Is doing all of the old raphex questions for last 5 years or so enough to pass physics boards?

I don't like reading textbooks lol

In 2018, no you would have failed for sure.
In 2019, yes you probably would have been fine.
In 2020... ???????

With the utter nonsense in the reliability and consistency of these exams and the statistical voodoo of how they are graded, combined with the fact you can only take them once every 365 days, why in the world would you risk it?

The new normal is wasting months rather than weeks overstudying for these exams. You should at least read McDermott all the way through, understanding everything and taking notes, and ideally doing the chapter questions.
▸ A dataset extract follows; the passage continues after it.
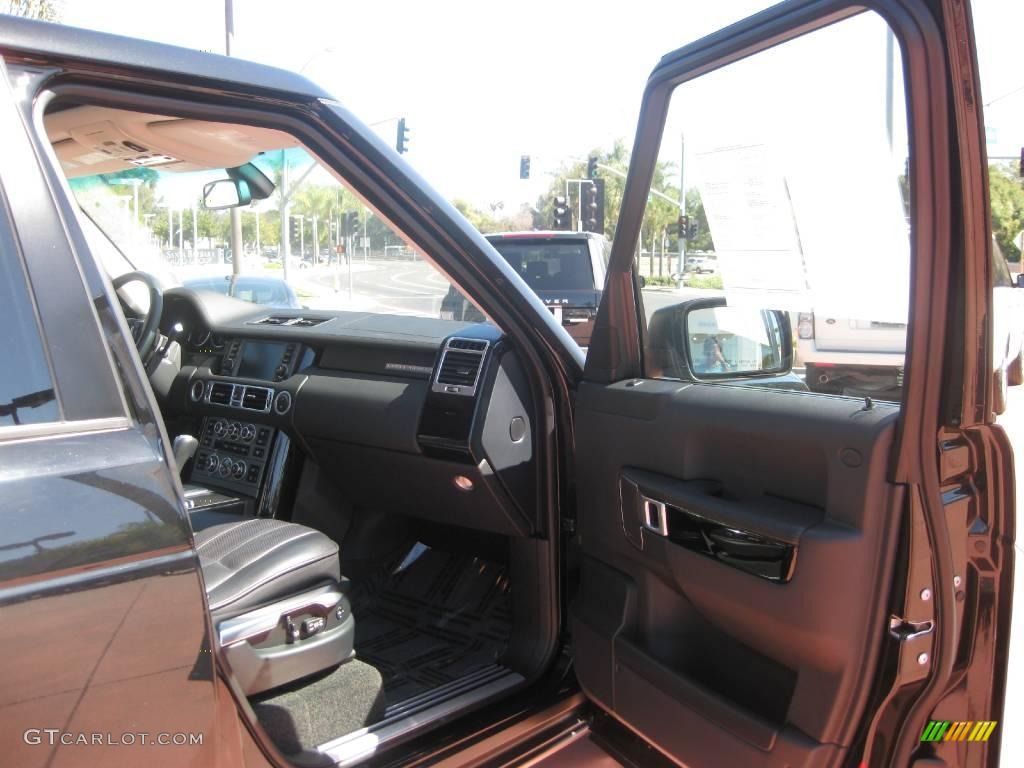 2007 Range Rover Supercharged - Java Black Pearl / Jet Black photo #20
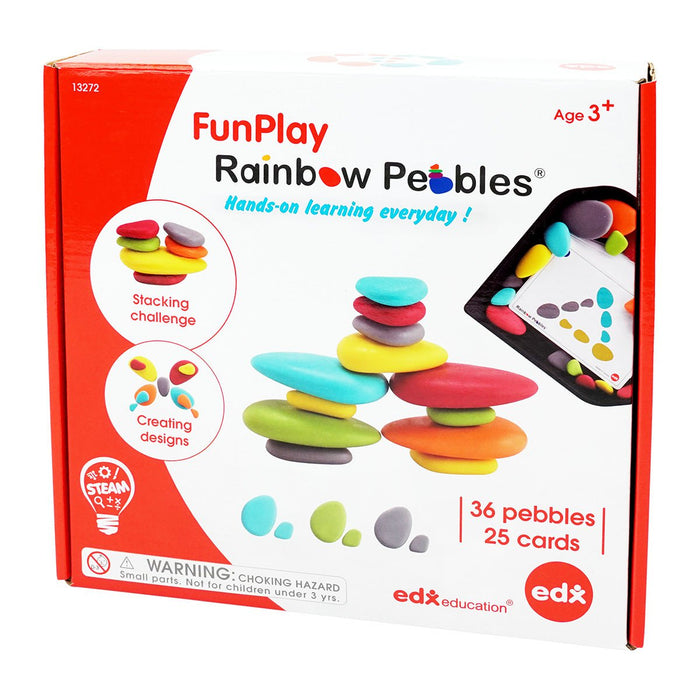 EDX FunPlay Rainbow Pebbles 36 Piece Set CX556001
At least the physics knowledge is fundamentally more practical for us than having to waste time learning most of bio, which is about as related a discipline as contract theory or something (probably more useful).

Just doing a couple of Raphex exams and hoping for the best is a fool's errand. You're going to be leaving a lot of holes and missing core concepts by doing that. Sorry.

Edit: For reference, I read McDermott cover-to-cover, taking time to understand and digest every word. Then I did inservices and 3 raphex exams, and I barely passed in 2018. I was always consistently 90+ percentile on inservice too. Don't underestimate the basic physics component (the first few chapters of McDermott). They LOVE to pick out random facts from that. For basic physics, you have to go a little beyond grasping fundamentals to outright rote memorizing particle s---.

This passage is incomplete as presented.